### EXERCISE GOAL
Reproduce the data below in full and exclude every picture.

### DATASET EXCERPTS
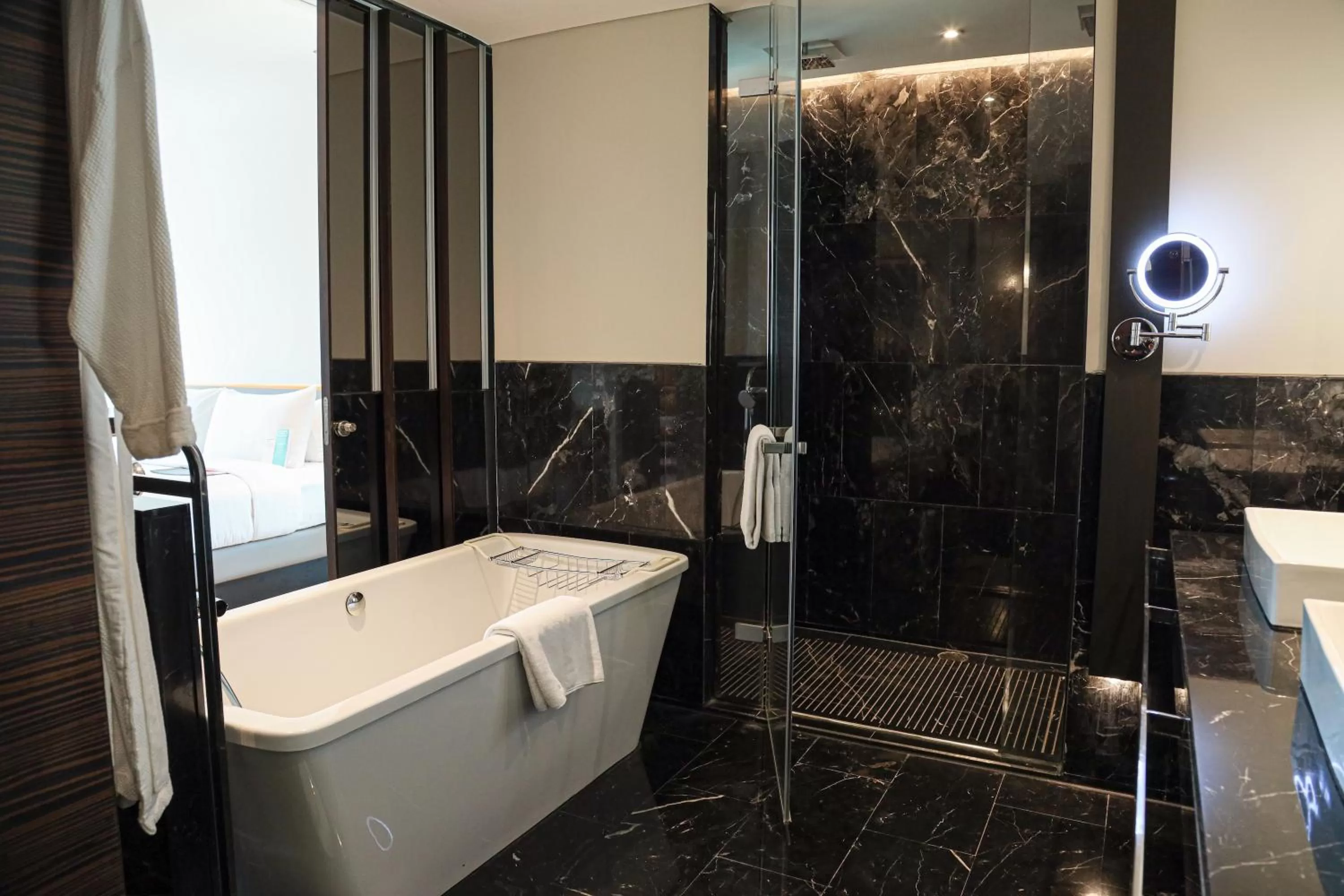 Bathroom in Le Meridien Bangkok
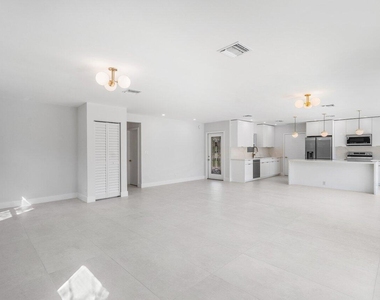 46 Sw 9th Avenue - Photo Thumbnail 8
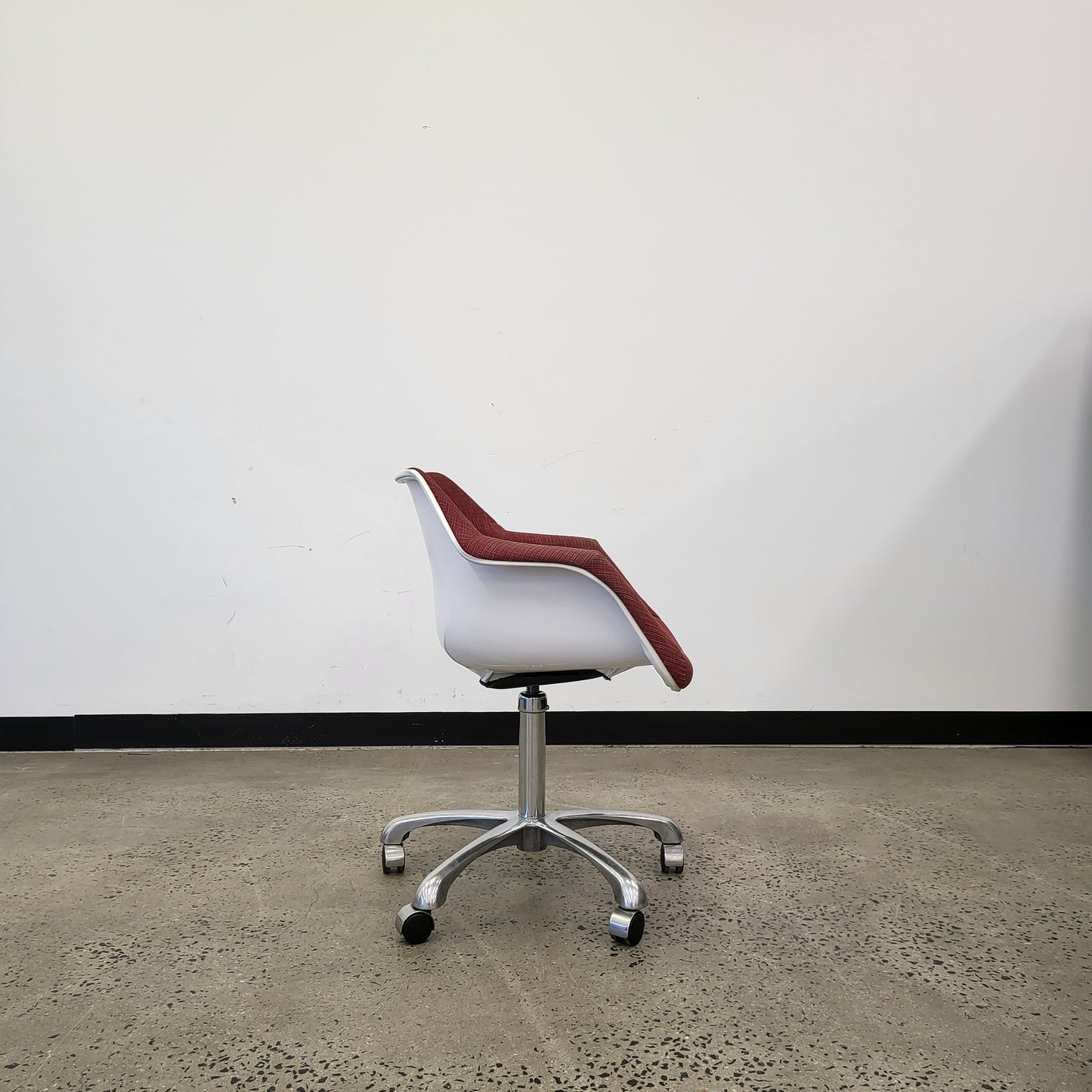 Bucket Swivel Office Chairs in Red Upholstery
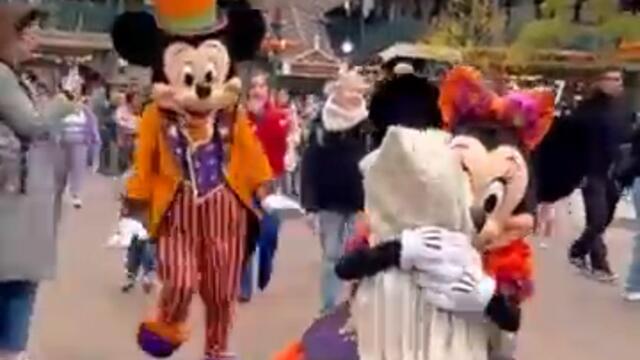 Mickey runs to Arthur!💕 #disney #halloween #disneylandparis #dlp #disneyland #oogieboogie #mickey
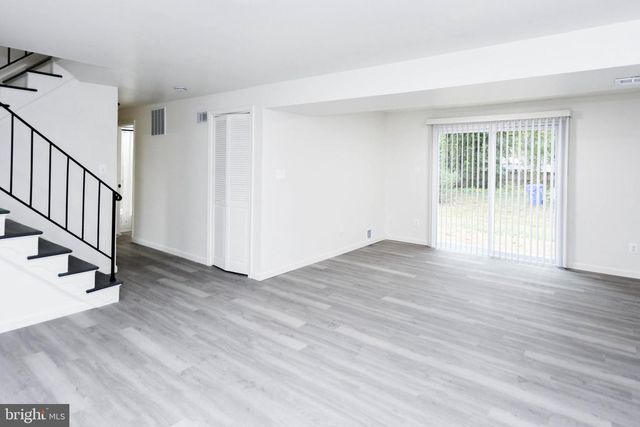 2650 PINEWOOD DR, Waldorf, MD 20601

### WRITTEN RESPONSE
 Bathroom in Le Meridien Bangkok
 46 Sw 9th Avenue - Photo Thumbnail 8
 Bucket Swivel Office Chairs in Red Upholstery
 Mickey runs to Arthur!💕 #disney #halloween #disneylandparis #dlp #disneyland #oogieboogie #mickey
 2650 PINEWOOD DR, Waldorf, MD 20601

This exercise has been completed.